Opinion
459 2023
02-09-2024
Before TRAYNOR, LEGROW, and GRIFFITHS, Justices.
ORDER
ABIGAIL M. LEGROW, JUSTICE
This 9th day of February 2024, after consideration of the complaint for a writ of quo warranto, it appears to the Court that:
(1) The petitioner, Aishia Simms, filed a complaint seeking to invoke the original jurisdiction of this Court to issue an extraordinary writ of quo warranto. Simms is a defendant in a residential summary-possession action in the Justice of the Peace Court. The complaint in this writ action alleges that the magistrate who presided over some of the proceedings in the summary-possession action lacked the authority to do so because his term as a justice of the peace was expired. The complaint also alleges that the magistrate violated Simms's constitutional and other rights and asserts various errors in the summary-possession action.
The Court has taken judicial notice of the record in Windsor Castle, LLC v. Simms, Case No. JP13-23-019125.
(2) After careful review, we conclude that the complaint must be dismissed. As an initial matter, a complainant may not ask this Court to issue an extraordinary writ to the Justice of the Peace Court "unless a petition for such writ shall have been first presented to and denied by the Superior Court. Because Simms has not alleged, and the Superior Court docket does not reflect, that she sought a writ of quo warranto from the Superior Court in the first instance, the complaint must be dismissed.
DEL. SUPR. CT. R. 43(B)(VI).
See In re Paskins, 2005 WL 2333896, at *1 (Del.
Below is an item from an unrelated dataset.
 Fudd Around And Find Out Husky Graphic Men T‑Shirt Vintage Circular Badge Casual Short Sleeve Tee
Sept. 21, 2005) (dismissing petition for a writ of mandamus to the Court of Common Pleas because the petitioner had not sought a writ of mandamus from the Superior Court in the first instance, as required by Supreme Court Rule 43).
(3) It also appears from the allegations of the complaint and publicly available records that the complaint is without merit. As this Court explained in Capriglione v. State, "[t]he writ of quo warranto 'is a remedy that is essentially adversarial in nature that seeks to remove the challenged officer from a position. The writ or order is like a summons commanding the respondent to show by what authority he or she claims to hold an office and is, in effect, an order to show cause. '" In support of her allegations that the magistrate's term was expired, Simms attached records from a New Castle County public records database and the General Assembly website indicating that the magistrate's term expired in 2011. But the General Assembly's website confirms that the magistrate was reappointed as recently as June 2023. Finally, to the extent that the complaint seeks to correct legal errors in the summary-possession action or other relief beyond removal of the magistrate from office, a proceeding for a writ of quo warranto cannot provide the desired relief.
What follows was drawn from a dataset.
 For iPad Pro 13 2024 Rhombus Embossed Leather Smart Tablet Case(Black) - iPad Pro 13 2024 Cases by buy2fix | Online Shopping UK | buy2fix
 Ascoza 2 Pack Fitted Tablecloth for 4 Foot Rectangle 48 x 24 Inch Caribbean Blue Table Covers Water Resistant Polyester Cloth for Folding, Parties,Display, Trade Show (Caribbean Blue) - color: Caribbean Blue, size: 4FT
279 A.3d 803, 805 n.13 (Del. 2021) (quoting 65 AM. JUR. 2D Quo Warranto § 2 (Feb. 2021)); see also Hampson v. State, 233 A.2d 155, 156 (Del. 1967) (describing a petition for a writ of quo warranto as "the common law remedy available in Delaware for determining the right to hold and occupy a public office").
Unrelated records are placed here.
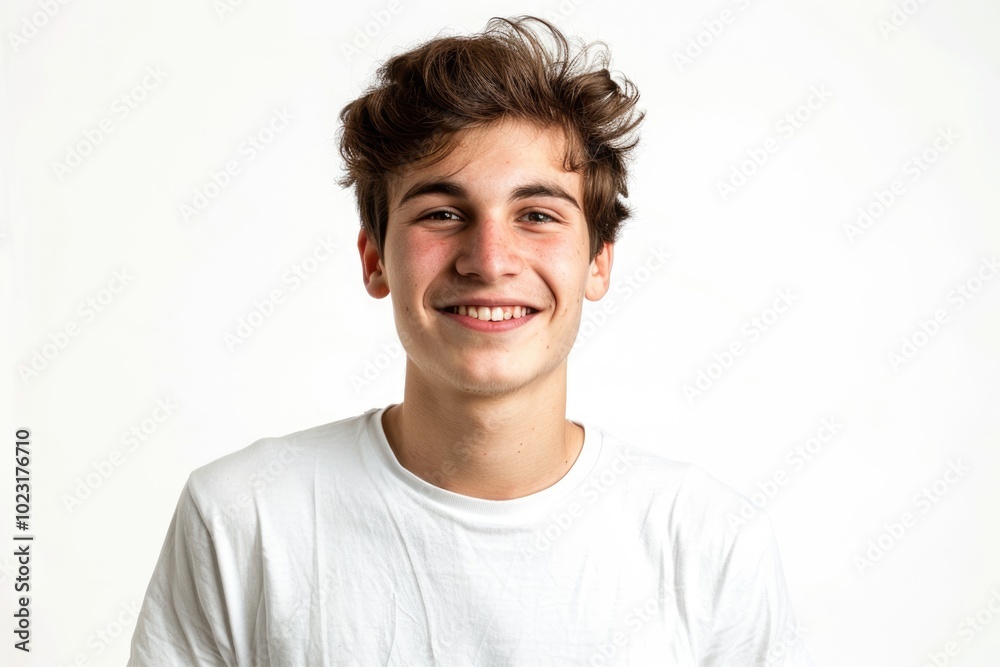 Smiling young man in white t shirt on white background.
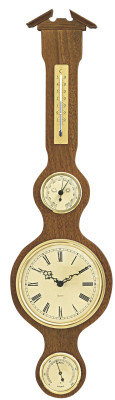 Horloge à quartz avec station météo Made in Germany, Chêne rustique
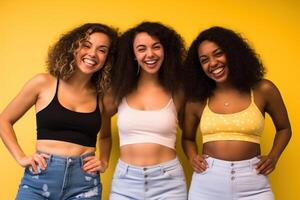 Group of smiling multiracial women in underwear. photo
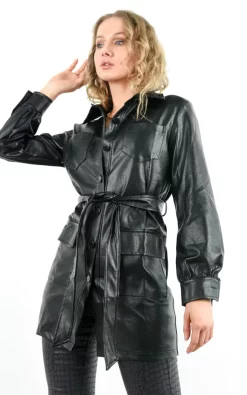 Discount ???? Boutique Store Black Belted Faux Leather Jacket ❤️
DEL. GEN. ASSEM., Hon. James R. Hanby Sr. Nominee Information, at https://legis.delaware.gov/Nomination?nominationId=2128 (reflecting Senate confirmation of reappointment on June 7, 2023, for an eight-year term); see also DEL. GEN. ASSEM., Hon. James R. Hanby Sr. Nominee Information, at https://legis.delaware.gov/ Nomination?nominationId=1628 (reflecting Senate confirmation of reappointment on May 17, 2017, for a six-year term).
See Hampson, 233 A.2d at 157 (stating that a proceeding for a writ of quo warranto is "brought by the Attorney General in the public interest against an alleged usurper of the office" and that the "remedy afforded by the writ is that of ouster"); see also 65 AM. JUR. 2d Quo Warranto § 2 (Jan. 2024) ("Quo warranto is a preventative remedy addressed to preventing a continuing exercise of an authority unlawfully asserted rather than to correcting what has already been done under that authority.").
NOW, THEREFORE, IT IS ORDERED that the complaint seeking issuance of a writ of quo warranto is DISMISSED.